A new open access study in Science Advances concludes that a warming beyond the 2°C target would potentially lead to rates of sea-level rise dominated by ice loss from Antarctica, and continued CO2 emissions from fossil sources could cause additional tens of meters of sea level rise, over the next millennia and eventually ultimately eliminate the entire Antarctic ice sheet, causing about 58 meters of sea level rise.
The authors noted, Antarctica is projected to become almost ice-free with an average contribution to sea-level rise exceeding 3 m per century during the first millennium. Consistent with recent observations and simulations, the West Antarctic Ice Sheet becomes unstable with 600 to 800 GtC of additional carbon emissions. Beyond this additional carbon release, the destabilization of ice basins in both West and East Antarctica results in a threshold increase in global sea level. Unabated carbon emissions thus threaten the Antarctic Ice Sheet in its entirety with associated sea-level rise that far exceeds that of all other possible sources.
The fate of the Antarctic Ice Sheet is of primary importance for coastal populations worldwide, and even a single additional meter will make a huge impact when storm surges rise, thus flooding increases and salt water intrusion damages food production.
Several regions in Antarctica are subject to marine ice-sheet instabilityContinued warming can lead to increased ice loss from the Antarctic Ice Sheet or even cause its disintegration, potentially sped up by particular two self-reinforcing feedback mechanisms, the marine ice sheet instability and the surface elevation feedback.
Marine ice sheet instability occurs when sub-shelf melt rate is large enough to force the ice sheet grounding line to retreat into an area where the ice is grounded below sea level on an inward-sloping bedrock, then it can become unstable.

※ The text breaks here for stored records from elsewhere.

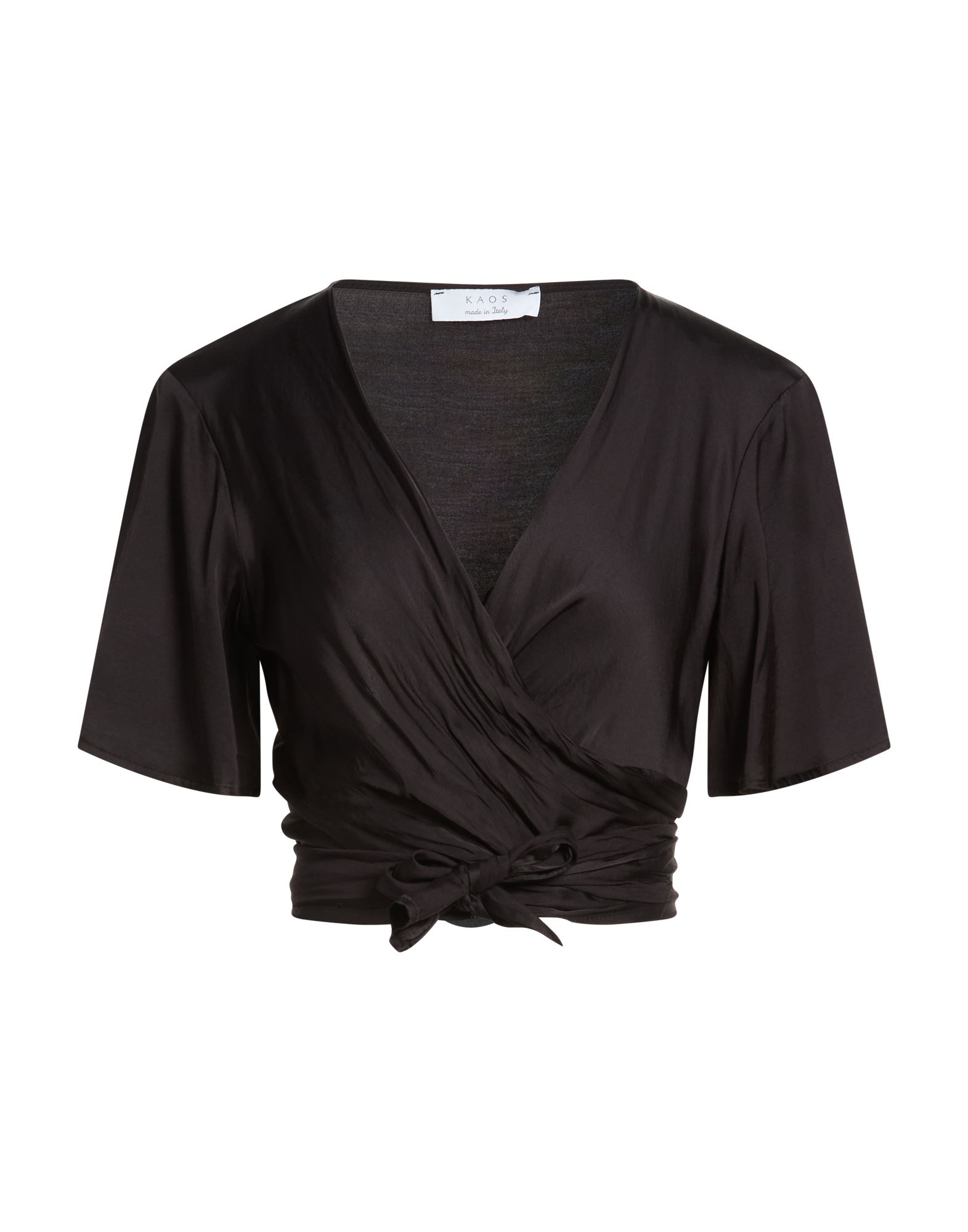 KAOS Top Damen Schwarz von KAOS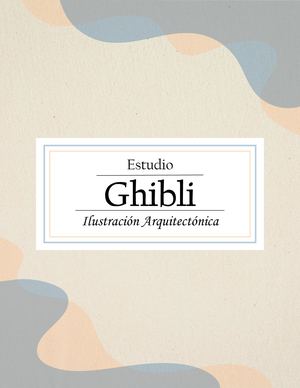 Estudio Ghibli Ilustrado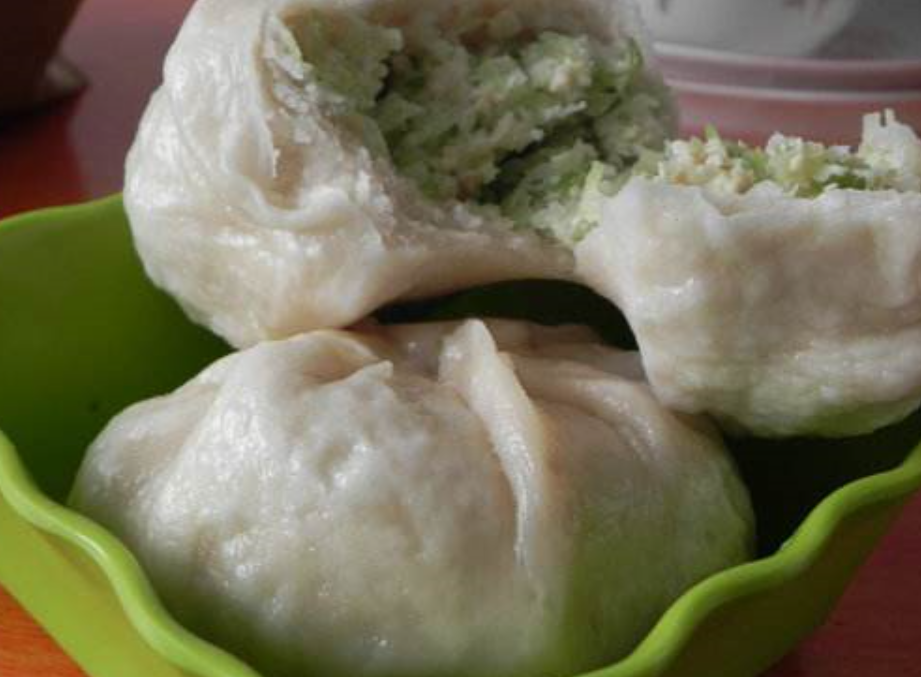 白萝卜馅包子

Because of warm water intrusion into the shelf cavities in the Amundsen Basin of West Antarctica the grounding line there may already retreated into an unstable regime. A similar topographic configuration can be found in the Wilkes Basin, the largest marine-based drainage basin in East Antarctica.
In our simulations, the Wilkes grounding line retreats significantly under fossil fuel carbon emissions of 1000 GtC or more. At this stage, corresponding to a peak warming of 2° to 3°C, both the West Antarctic Ice Sheet and the Wilkes Basin are experiencing rapid ice loss due to their instability, which manifests itself in a visible threshold in sea-level rise (see Image). Other marine-based drainage systems become unstable under higher emission scenarios, until most of the marine ice is eventually lost to the self-reinforcing feedback after about 2500 GtC of cumulative carbon release
Though, the interaction of all these processes is still insufficiently understood so that evolution of the Antarctic Ice Sheet remains unclear, particularly in the long run. A high emission scenario shows increase of sea level rise for the next century, while in the low emissions simulation higher moisture holding capacity of the warmer air surrounding the Antarctic Ice Sheet leads to a snowfall increase, offsetting ice mass loss.